Only the lines from the one containing "Cashew Crunch –" through the end of the listing below belong in your answer; retype them exactly.

[[ DATA LISTING, beginning ]]

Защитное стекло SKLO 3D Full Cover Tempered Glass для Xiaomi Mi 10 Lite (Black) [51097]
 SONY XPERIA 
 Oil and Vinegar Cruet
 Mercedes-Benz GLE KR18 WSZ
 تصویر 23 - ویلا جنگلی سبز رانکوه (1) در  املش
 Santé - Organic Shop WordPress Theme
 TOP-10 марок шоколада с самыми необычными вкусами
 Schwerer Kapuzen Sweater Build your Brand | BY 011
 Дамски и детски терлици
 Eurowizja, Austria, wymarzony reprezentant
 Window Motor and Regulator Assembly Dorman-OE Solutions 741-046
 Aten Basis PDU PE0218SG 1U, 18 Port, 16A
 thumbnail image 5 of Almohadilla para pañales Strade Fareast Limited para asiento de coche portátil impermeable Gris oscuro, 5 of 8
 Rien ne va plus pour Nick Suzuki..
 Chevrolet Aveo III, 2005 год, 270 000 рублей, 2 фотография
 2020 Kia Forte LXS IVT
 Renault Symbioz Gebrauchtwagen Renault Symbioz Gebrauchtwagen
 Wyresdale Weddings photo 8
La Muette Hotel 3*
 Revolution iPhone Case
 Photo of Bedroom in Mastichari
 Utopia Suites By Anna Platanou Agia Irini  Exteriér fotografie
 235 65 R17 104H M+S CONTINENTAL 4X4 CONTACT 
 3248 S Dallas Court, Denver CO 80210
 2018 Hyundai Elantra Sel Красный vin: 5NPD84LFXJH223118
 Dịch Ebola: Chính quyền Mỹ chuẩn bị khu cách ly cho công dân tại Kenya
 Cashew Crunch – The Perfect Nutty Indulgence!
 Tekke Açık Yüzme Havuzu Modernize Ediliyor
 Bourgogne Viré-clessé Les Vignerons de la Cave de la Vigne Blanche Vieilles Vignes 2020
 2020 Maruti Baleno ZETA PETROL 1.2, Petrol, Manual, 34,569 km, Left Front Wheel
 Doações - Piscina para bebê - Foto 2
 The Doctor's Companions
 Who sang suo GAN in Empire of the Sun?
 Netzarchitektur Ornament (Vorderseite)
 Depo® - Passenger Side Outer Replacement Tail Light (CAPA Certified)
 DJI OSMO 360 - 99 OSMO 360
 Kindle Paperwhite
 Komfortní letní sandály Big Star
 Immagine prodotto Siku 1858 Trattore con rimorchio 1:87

[[ DATA LISTING, end ]]

EXPECTED ANSWER =>
 Cashew Crunch – The Perfect Nutty Indulgence!
 Tekke Açık Yüzme Havuzu Modernize Ediliyor
 Bourgogne Viré-clessé Les Vignerons de la Cave de la Vigne Blanche Vieilles Vignes 2020
 2020 Maruti Baleno ZETA PETROL 1.2, Petrol, Manual, 34,569 km, Left Front Wheel
 Doações - Piscina para bebê - Foto 2
 The Doctor's Companions
 Who sang suo GAN in Empire of the Sun?
 Netzarchitektur Ornament (Vorderseite)
 Depo® - Passenger Side Outer Replacement Tail Light (CAPA Certified)
 DJI OSMO 360 - 99 OSMO 360
 Kindle Paperwhite
 Komfortní letní sandály Big Star
 Immagine prodotto Siku 1858 Trattore con rimorchio 1:87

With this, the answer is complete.